Why Fivetran is a platform, not just a pipeline
Fivetran is more than a point solution that solves the single, discrete problem of centralizing data for analytics. Longer term, organizations must also consider democratizing access to data and finding ways to monetize data. Mindful of these needs, Fivetran provides security, governance and extensibility features.
Security features are must-haves to ensure regulatory compliance, manage brand risk, protect internal operations and intellectual property, and safeguard customer information or other business critical data in an ethical manner as it is moved around. When considering platform security, common features include flexible deployment and secure networking options, security compliance certifications for SaaS platforms, end-to-end encryption data protection and process isolation.
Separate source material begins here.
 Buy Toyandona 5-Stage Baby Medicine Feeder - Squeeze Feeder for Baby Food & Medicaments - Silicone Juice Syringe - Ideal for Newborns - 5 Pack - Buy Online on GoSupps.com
In a similar vein, data governance is essential for enabling organizations to know, access and protect their data. Data governance features include easy integration with data catalogs, graphical exposure of data model lineage, metadata capture and other auditing tools.
Finally, extensibility features enable an organization to programmatically control a growing ecosystem of data management tools and embed data assets into products. As data needs grow in scale and complexity over time, organizations will need the ability to manage users at scale, integrate with other data operations technologies and construct custom processes and workflows that depend on data.